Por último, los especialistas advierten que los trastornos del sueño de los hijos pueden provocar trastornos del sueño en los padres y viceversa. Si los niños despiertan muchas veces, estos despertares pueden hacer que los padres tengan sonambulismo o trastornos en su propio sueño. (En base a El Mercurio/GDA)

LAS CLAVES


La hora


La cantidad de horas de sueño es tan importante como el horario. No es lo mismo que un niño se duerma a las 8.30 que a las 12. A partir de las 20.30 empiezan a liberar la hormona del crecimiento que solo hace efecto si están dormidos.

Activos


Una de las manifestaciones de la falta de sueño es la hiperactividad. Los pequeños se sienten cansados pero aún no han aprendido a asociar lo que sienten con sueño; no han aprendido a reconocer que es porque están cansados.

Males


En los trastornos del sueño, el insomnio es el más frecuente.

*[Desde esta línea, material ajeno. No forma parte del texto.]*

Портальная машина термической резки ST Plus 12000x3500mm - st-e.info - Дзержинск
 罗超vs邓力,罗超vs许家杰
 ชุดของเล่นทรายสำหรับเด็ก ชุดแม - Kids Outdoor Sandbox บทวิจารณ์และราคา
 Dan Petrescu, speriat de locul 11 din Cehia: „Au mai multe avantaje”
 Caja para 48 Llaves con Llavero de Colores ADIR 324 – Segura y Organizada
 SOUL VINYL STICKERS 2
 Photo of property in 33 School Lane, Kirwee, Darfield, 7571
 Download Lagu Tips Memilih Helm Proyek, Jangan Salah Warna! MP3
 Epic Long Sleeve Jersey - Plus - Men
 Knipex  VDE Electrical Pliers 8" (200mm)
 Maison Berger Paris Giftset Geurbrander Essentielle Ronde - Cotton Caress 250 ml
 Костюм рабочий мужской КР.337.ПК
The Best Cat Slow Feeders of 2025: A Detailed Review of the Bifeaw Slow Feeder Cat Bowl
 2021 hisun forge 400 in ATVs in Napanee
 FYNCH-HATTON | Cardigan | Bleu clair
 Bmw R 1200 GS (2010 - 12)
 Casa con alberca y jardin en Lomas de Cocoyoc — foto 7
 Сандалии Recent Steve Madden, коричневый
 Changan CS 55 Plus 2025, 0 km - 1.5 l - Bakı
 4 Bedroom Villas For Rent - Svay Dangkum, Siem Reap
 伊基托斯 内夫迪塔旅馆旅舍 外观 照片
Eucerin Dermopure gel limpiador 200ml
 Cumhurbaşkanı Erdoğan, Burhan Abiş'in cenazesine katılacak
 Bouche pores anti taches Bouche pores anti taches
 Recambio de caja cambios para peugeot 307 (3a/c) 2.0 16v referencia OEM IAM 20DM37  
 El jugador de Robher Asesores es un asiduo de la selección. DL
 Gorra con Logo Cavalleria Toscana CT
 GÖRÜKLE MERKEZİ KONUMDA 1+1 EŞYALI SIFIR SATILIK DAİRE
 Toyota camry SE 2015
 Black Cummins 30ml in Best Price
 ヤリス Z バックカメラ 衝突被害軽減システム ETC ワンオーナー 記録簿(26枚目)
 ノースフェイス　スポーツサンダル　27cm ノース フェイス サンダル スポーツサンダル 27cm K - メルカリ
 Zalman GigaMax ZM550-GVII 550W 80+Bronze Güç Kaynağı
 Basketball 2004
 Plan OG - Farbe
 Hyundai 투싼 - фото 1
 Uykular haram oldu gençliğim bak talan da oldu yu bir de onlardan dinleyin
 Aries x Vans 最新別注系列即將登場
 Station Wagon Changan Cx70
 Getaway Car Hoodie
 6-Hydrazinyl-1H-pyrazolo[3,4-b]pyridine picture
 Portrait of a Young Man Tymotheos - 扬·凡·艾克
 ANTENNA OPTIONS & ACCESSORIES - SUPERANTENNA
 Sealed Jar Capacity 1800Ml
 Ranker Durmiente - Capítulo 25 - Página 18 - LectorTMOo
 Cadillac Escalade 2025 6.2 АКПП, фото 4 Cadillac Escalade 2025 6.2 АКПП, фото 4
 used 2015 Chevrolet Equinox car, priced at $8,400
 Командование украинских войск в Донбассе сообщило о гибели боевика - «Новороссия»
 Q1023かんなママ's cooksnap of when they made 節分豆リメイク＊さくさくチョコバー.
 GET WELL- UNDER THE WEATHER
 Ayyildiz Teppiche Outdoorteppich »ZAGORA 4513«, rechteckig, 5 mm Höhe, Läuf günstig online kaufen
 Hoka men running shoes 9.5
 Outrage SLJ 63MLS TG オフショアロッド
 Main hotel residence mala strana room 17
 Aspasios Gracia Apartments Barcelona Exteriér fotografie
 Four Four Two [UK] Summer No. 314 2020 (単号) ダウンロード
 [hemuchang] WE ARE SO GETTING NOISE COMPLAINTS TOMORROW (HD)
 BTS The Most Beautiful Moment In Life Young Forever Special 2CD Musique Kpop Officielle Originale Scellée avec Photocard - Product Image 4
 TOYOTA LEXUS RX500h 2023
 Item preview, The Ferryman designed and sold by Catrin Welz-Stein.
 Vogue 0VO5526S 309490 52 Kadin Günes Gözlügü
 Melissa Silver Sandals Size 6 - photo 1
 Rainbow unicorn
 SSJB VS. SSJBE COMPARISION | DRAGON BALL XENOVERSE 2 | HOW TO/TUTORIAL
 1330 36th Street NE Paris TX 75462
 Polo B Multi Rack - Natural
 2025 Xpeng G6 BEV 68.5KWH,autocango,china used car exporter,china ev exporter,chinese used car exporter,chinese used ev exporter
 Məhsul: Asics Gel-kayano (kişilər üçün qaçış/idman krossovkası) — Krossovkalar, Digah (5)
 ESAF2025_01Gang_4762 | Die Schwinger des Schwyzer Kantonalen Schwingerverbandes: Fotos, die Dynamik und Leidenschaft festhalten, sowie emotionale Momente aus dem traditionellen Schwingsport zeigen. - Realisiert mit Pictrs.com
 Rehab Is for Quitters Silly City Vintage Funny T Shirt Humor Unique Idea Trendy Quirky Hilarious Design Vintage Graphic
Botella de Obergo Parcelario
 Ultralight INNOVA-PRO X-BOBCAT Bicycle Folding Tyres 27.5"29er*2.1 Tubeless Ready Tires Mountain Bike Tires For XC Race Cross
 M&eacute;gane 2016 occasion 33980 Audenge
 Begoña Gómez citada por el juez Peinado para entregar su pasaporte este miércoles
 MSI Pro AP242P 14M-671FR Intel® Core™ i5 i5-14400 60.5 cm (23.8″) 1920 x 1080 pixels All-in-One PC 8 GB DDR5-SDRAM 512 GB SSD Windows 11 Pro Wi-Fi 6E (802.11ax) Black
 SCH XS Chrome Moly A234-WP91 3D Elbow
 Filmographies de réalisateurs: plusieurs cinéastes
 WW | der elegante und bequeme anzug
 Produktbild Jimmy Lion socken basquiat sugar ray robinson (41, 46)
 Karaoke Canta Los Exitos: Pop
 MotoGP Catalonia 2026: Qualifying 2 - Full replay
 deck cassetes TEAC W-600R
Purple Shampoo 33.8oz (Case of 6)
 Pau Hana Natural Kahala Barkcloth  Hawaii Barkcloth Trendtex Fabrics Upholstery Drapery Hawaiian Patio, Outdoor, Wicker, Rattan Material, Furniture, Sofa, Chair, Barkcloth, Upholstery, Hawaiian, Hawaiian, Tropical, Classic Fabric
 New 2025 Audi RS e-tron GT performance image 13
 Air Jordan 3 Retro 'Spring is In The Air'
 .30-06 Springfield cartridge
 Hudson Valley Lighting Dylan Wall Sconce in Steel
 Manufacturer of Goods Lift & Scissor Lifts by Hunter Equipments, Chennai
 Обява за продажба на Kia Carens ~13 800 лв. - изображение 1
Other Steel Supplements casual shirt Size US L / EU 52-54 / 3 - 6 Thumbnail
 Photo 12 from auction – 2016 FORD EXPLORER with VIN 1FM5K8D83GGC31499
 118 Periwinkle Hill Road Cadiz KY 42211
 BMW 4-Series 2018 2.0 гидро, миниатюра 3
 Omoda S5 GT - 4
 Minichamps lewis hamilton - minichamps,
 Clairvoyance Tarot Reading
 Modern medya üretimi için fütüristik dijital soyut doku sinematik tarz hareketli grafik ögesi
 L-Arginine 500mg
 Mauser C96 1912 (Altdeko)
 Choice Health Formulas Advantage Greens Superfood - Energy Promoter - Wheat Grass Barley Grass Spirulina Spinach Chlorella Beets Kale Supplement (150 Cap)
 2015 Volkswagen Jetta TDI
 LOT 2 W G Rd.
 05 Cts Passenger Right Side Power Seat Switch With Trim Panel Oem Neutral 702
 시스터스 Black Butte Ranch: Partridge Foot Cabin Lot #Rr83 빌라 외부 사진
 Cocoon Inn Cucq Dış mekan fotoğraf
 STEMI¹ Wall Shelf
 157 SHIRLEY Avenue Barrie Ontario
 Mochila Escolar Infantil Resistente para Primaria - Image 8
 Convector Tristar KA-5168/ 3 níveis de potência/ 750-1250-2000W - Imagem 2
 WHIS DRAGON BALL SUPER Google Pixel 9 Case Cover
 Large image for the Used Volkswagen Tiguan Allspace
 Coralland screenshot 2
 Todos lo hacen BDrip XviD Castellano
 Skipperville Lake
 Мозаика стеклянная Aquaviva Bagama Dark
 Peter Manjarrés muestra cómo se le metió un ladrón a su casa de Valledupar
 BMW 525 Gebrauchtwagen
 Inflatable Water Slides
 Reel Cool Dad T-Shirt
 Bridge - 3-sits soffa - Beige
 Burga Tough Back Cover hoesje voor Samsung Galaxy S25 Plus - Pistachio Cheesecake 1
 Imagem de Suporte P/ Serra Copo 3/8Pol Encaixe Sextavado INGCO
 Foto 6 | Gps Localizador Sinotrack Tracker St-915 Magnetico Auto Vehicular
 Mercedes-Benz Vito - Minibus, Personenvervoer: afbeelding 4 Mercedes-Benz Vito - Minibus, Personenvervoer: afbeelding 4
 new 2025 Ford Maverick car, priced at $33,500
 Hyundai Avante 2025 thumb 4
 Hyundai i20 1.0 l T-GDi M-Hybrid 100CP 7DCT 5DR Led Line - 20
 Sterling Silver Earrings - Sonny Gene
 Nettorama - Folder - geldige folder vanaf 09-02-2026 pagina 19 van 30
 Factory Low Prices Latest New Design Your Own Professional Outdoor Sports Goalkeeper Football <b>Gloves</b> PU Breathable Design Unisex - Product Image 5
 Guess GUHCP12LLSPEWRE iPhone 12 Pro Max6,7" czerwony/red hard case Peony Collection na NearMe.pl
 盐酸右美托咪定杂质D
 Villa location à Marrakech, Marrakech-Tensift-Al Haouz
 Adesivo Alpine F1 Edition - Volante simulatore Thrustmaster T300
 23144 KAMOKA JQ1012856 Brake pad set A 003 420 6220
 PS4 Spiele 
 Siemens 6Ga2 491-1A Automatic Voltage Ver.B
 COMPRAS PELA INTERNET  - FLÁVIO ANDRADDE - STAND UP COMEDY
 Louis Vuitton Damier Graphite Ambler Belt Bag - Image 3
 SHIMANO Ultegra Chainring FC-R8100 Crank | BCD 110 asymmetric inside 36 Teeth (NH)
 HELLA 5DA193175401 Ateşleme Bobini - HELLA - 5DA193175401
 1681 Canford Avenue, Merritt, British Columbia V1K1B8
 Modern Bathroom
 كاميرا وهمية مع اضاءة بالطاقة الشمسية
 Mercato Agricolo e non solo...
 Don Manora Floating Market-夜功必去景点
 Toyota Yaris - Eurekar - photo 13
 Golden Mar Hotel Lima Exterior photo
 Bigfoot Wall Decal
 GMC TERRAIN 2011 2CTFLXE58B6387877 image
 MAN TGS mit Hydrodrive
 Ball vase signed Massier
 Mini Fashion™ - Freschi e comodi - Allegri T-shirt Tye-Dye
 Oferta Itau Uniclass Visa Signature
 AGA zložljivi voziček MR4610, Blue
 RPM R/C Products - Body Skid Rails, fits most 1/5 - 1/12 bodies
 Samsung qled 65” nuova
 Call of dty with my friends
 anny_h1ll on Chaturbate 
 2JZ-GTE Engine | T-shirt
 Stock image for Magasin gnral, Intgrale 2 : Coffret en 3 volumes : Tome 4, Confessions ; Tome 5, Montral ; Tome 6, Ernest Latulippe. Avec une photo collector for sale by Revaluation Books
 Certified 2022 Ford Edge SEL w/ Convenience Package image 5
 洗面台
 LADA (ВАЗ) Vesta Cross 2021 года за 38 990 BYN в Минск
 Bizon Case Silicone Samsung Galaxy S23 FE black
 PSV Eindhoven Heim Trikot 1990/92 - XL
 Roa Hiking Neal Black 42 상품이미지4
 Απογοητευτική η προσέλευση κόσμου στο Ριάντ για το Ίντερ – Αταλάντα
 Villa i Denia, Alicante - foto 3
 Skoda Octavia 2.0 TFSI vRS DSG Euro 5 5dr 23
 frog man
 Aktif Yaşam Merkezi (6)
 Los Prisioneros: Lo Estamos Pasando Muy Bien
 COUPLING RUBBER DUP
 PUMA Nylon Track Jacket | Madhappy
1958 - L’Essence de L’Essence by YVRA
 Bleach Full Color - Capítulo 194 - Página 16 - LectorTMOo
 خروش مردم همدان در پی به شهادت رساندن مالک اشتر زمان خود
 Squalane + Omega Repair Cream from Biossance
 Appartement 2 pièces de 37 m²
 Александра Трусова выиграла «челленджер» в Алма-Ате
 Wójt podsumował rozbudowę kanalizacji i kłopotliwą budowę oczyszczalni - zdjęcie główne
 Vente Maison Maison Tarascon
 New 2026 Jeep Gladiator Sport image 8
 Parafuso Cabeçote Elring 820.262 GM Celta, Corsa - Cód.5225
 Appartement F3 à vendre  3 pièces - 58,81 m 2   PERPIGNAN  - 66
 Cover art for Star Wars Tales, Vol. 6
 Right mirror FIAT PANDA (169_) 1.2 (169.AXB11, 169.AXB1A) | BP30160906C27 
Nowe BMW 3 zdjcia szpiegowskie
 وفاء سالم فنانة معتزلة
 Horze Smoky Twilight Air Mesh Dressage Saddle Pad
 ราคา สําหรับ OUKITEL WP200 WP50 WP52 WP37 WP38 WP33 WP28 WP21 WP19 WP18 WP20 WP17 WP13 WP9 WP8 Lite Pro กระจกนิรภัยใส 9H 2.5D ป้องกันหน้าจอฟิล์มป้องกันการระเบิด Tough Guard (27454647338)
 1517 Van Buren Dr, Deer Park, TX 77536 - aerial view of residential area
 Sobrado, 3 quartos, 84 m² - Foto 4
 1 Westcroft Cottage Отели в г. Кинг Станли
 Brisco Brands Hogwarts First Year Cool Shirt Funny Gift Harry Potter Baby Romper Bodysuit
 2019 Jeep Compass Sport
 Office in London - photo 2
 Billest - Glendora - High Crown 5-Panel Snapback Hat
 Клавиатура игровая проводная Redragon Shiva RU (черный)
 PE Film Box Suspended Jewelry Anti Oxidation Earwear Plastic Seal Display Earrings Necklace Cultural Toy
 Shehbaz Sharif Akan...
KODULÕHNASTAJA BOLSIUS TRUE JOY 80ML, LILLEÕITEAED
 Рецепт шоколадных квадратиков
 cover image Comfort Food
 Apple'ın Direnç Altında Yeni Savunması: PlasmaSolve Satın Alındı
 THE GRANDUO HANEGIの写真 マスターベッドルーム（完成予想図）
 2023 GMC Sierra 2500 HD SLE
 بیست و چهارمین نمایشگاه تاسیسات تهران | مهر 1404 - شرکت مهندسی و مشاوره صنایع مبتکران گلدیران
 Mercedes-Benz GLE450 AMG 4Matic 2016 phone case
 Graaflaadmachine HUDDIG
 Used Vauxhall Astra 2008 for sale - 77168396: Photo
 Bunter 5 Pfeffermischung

Pero también se dan otros problemas como las pesadillas (22%), apnea del sueño (4,9%), el sonambulismo y los "microdespertares", que son saltos del sueño profundo a uno superficial.

SABER MÁS

SUCEDE EN URUGUAY


Llanto. Angustia al comienzo de la noche


El estudio uruguayo encontró que la mayoría de los problemas se producía en el primer tramo de la noche con episodios de llanto en los que los niños eran muy difíciles de consolar.

Uruguay. Decenas sin poder descansar

En 2014 estudiaron a 169 niños uruguayos entre 2 y 15 años y detectaron que 31% sufría algún trastorno del sueño. Las conclusiones fueron recogidas por los Archivos de Pediatría del Uruguay.

Trastorno. Cuando altera la vida diaria

El problema en el sueño se vuelve trastorno cuando ocurre entre 2 y 3 veces por semana y genera alteraciones en la vida del niño. El estudio lio vio en 33% de preescolares, 26% de escolares y 40% de jóvenes.